Following Netanyahu letter to Albanese and before it was made public, Australian home secretary Tony Burke promptly cancelled a visa for a member of the Israeli Knesset to come speak at Jewish institutions and schools in Australia, claiming it would disturb public order and sow discord. Burke earlier cancelled visas for a former Israeli government minister and other Israelis. He and Albanese also changed visa applications for Israelis several years ago to ask if they’ve served in the IDF and whether they’ve committed war crimes. Meanwhile Albanese and Burke decided they would admit Palestinian refugees from Gaza on tourist visas. Burke was forced to back down just last week when it came to light one Gazan female had praised the October 7 mass murder, praising Allah for letting her live to see that day. Visas for publicly outspoke foreign Muslim figures who praised the mass murder of Jews and one who attended Hezbollah leader Nasralla’s funeral in Beirut and then returned to Austalia have not been rescinded or apparently even reviewed by Burke’s Home Office.

After Netanyahu’s letter was made public, Burke gave a gruesome fireside-chat-like diatribe in a darkeend room to be broadcasted by state-run Australian media channel ABC in which he claimed Israeli was trying to starve as many children as possible.

Netanyahu responded directly with a friendly interview on Skynews Australia, part of the Rupert Murdoch media empire, reiterating Albanese’s weakness as a leader and his apparent lack of concern for the safety of Jewish Australians. He said Albanese was attempting to appease Hamas, and that that would backfire on Australia.

Somewhere in the middle of the private letter and the public polemics, US ambassador to Israel Mike Huckabee was asked by Australian media whether the Trump administration had noticed Albaense’s shift in policy in favor of a Palestinian state. Huckabee said it was being discussed in Washington, D.C., and that Trump administration officials were disappointed and “even disgusted” by the new policy.
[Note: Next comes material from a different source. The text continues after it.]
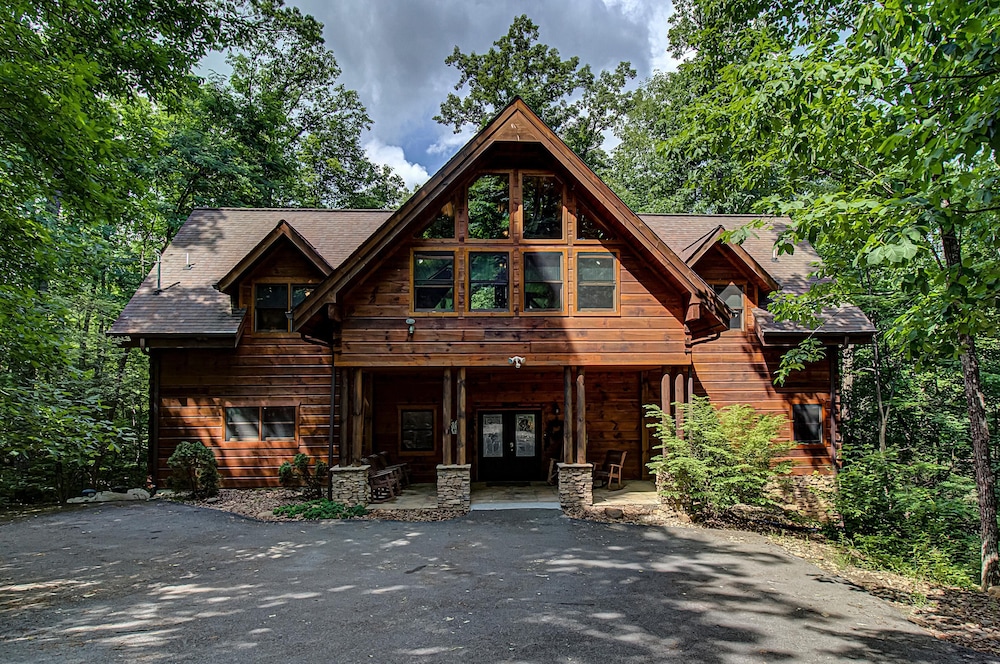 Unbridled Spirit 5 Bedroom Home with Hot Tub — 4-Star Luxury Hotel in Gatlinburg, United States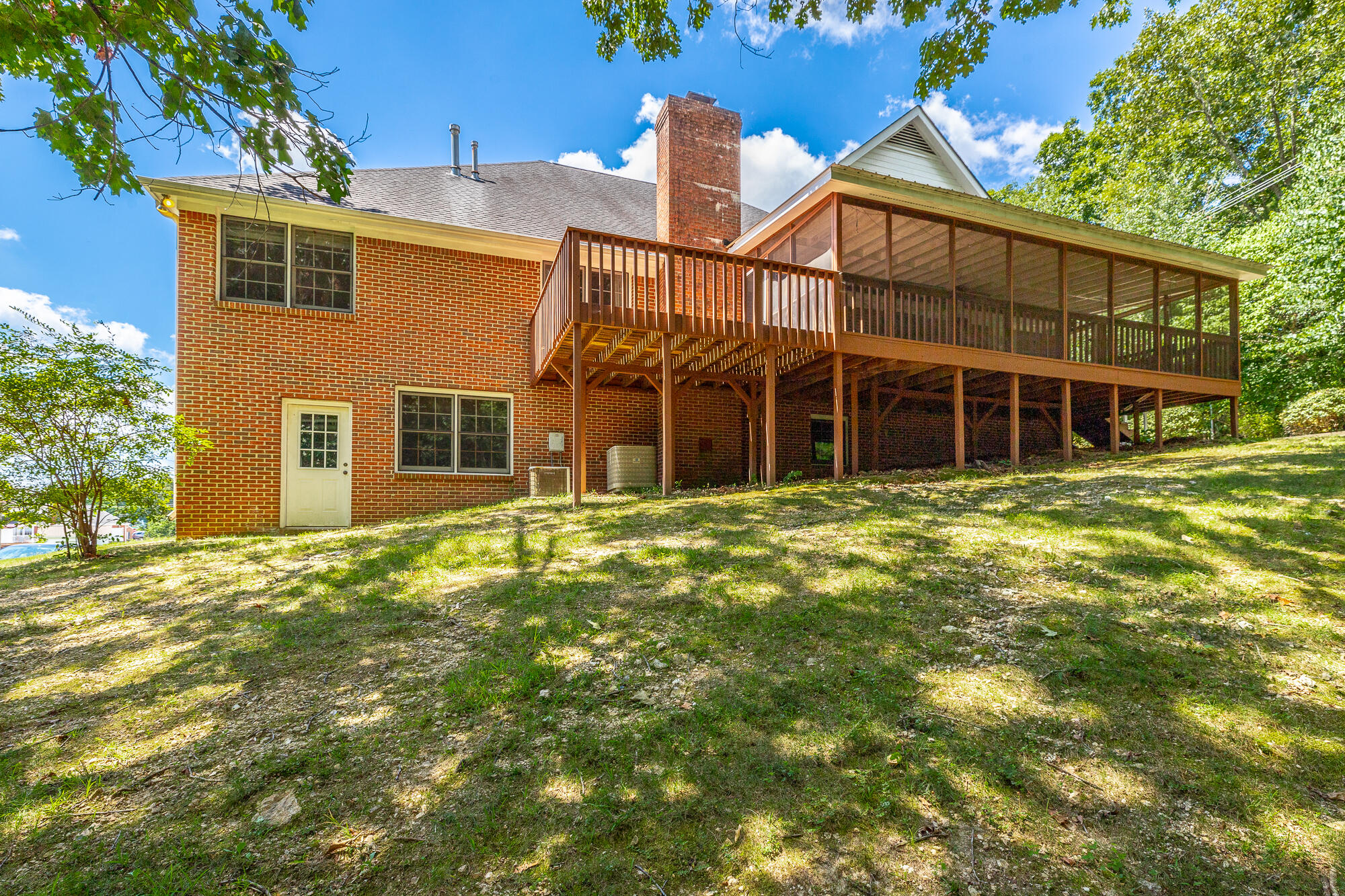 9609 Shadowbend Cir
It is a new policy. Since 1948 when Australia was the first to recognize Israel at the UN and even before, both Labor and the Liberals in Australia have always supported Israel’s independence and independence of action in pushing back incursions by Palestinians and Arabs. Albanese’s new Labor bucks Australian political tradition in favor of some pro-Palestine university campus activism from the 1970s. In Albo’s case, it’s a knee-jerk reaction in favor of all things Palestine and against all things Israeli, read, Jewish.

IHRA at least in some its earlier definitions of “antisemitism” was always careful not to conflate criticism of Israeli policy per se with anti-Semitism, although pointing out that “excessive” criticism of Israel is an indication of a kind of anti-Semitism. Not all Jews are Israelis and many Jews don’t support Israel. The Left has sought to make the same argument regarding itself, claiming no anti0Semitism was involved in their decisions regarding support for anti-SEmitic terrorist groups and so on. The far left always has strayed into anti-Semitic territory, leading to paradoxes such as the Communist terror gang iRote Armee Faktion in West Germany targeting Israelis while decrying the Nazis’ murder of Jews. Much more recently Corbyn’s Labour Party in the UK was forced to change leadership and clean house in recognition of all the reasonable anti-Semites holding membership in the ranks.

Albanese’s anti-Semitism is of a similar vein. For him it’s all completely reasonable and logical. As he put it recently, you have to “back in” your own team, as in Australian football or rugby. Presumably he’s just backing the Palestinian team, rooting for the underdog as it were. Because that’s the kind of leftist he is, he was raised that way. In truth, the Albanese Government’s anti-Semitism is easy to see:

1. Allowing anti-Semitic marches with anti-Semitic chants and terrorist flags to take over the streets of the two main Australian cities o a regular basis while arrested Jews who hold up an Israeli flag;

2. Failing to stop repeated attacks on synagogues, schools, businesses and individuals and their private property while “denouncing” anti-Semitism, and almost always in the same breath adding “and Islamophobia is very bad, too;”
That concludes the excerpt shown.